[Scraped caption text data]
»»

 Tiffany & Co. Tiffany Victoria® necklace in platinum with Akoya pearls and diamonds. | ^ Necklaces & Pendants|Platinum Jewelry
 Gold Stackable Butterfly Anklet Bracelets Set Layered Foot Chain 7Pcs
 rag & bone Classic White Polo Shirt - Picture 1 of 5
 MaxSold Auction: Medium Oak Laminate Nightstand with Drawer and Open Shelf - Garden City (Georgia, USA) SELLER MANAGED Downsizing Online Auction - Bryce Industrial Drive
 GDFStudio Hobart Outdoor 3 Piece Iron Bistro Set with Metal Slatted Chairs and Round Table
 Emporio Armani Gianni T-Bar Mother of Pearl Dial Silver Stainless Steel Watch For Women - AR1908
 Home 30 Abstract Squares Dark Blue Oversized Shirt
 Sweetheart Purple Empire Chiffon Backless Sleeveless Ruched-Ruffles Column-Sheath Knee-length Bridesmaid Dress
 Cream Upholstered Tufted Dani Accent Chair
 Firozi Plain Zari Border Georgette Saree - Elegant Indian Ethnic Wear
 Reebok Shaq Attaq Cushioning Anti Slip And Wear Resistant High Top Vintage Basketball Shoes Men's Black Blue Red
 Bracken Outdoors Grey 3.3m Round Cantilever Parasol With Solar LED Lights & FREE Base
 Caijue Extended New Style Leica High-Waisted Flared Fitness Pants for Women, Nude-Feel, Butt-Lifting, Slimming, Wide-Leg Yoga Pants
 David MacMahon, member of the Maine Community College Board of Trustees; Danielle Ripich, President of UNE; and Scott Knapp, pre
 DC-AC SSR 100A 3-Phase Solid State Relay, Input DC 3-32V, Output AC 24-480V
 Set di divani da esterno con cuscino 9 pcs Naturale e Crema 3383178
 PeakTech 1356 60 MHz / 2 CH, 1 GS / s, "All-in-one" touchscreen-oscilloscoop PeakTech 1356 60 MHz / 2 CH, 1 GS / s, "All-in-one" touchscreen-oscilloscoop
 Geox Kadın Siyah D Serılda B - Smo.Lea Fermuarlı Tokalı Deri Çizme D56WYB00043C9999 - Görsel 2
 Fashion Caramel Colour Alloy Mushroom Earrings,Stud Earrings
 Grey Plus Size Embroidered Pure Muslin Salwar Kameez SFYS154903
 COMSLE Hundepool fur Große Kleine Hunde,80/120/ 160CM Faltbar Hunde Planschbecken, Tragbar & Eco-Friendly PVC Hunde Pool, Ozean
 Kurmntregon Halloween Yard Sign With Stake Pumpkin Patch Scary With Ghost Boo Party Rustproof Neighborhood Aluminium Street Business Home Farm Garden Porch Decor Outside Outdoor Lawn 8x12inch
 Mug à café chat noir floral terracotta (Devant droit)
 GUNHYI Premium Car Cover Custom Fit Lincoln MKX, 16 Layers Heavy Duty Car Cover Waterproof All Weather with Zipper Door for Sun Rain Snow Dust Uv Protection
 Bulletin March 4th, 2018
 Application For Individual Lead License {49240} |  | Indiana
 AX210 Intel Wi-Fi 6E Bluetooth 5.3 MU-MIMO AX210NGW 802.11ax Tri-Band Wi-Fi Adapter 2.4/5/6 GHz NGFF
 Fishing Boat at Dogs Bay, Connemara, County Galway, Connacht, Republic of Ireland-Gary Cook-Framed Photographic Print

««

**What is being asked:** Using the records above, gather all lines where the string "Garden" is present.

**Written response:**
 MaxSold Auction: Medium Oak Laminate Nightstand with Drawer and Open Shelf - Garden City (Georgia, USA) SELLER MANAGED Downsizing Online Auction - Bryce Industrial Drive
 Kurmntregon Halloween Yard Sign With Stake Pumpkin Patch Scary With Ghost Boo Party Rustproof Neighborhood Aluminium Street Business Home Farm Garden Porch Decor Outside Outdoor Lawn 8x12inch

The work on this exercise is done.